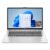 HP 17.3 inch Laptop, HD+ Display, AMD Ryzen 5 7520U, 16 GB RAM, 512 GB SSD, AMD Radeon Graphics, Windows 11 Home, Natural Silver, 17-cp2199nr by HP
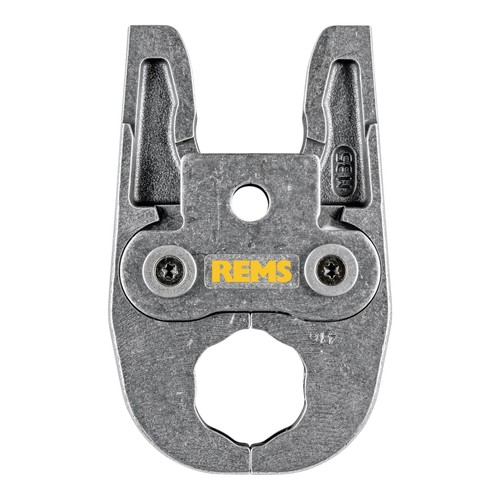 Rems mini pressbacke - mini, m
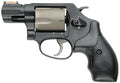S&amp;W*M360PD *CA*  163064 357 AIR HVZ   1.88  5R BLK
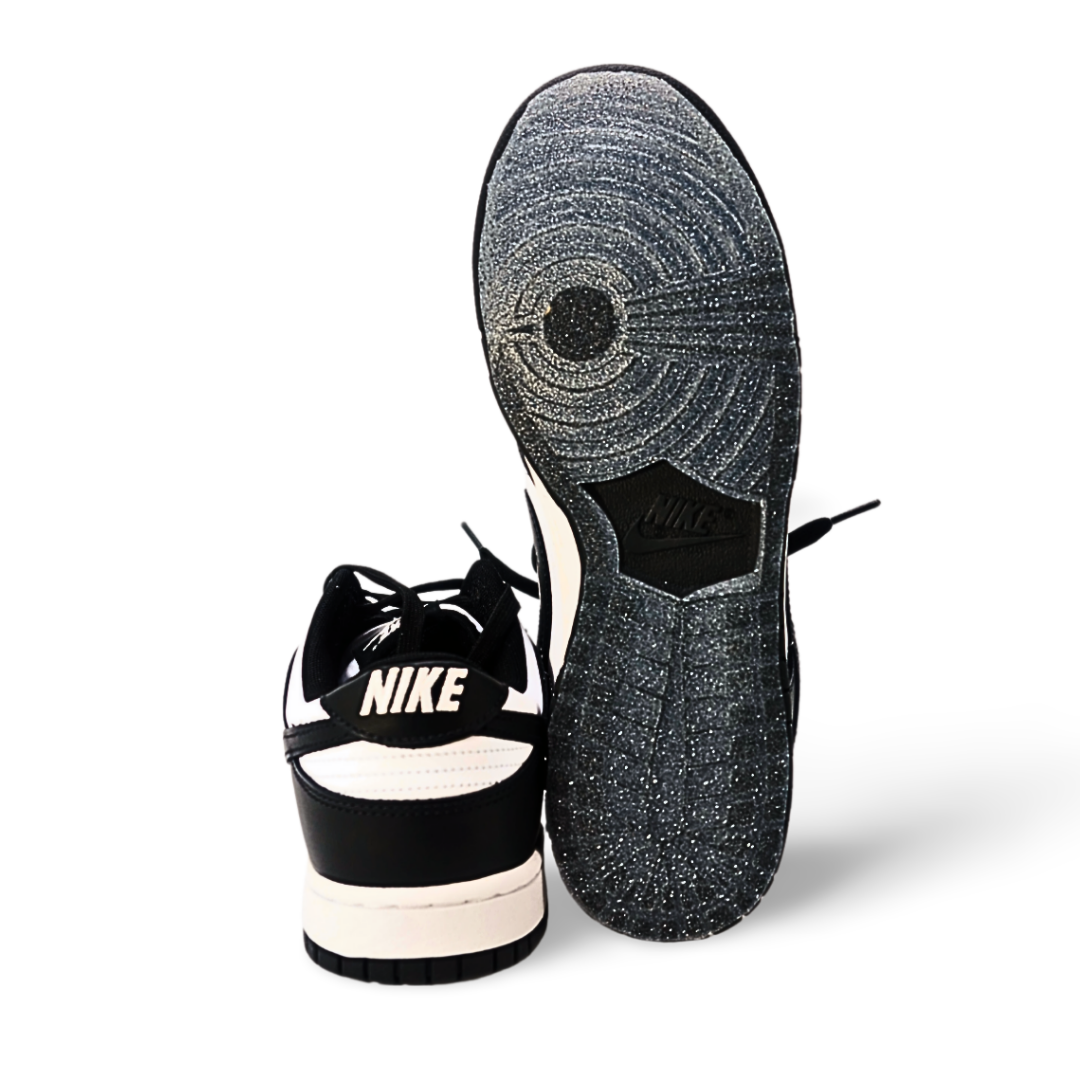 Sole Protector - bottom sole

● GOAL OF THE EXERCISE
Give back the whole listing exactly as it stands. Drop every picture.

● RESPONSE TO THIS EXERCISE
 HP 17.3 inch Laptop, HD+ Display, AMD Ryzen 5 7520U, 16 GB RAM, 512 GB SSD, AMD Radeon Graphics, Windows 11 Home, Natural Silver, 17-cp2199nr by HP
 Rems mini pressbacke - mini, m
S&amp;W*M360PD *CA*  163064 357 AIR HVZ   1.88  5R BLK
 Sole Protector - bottom sole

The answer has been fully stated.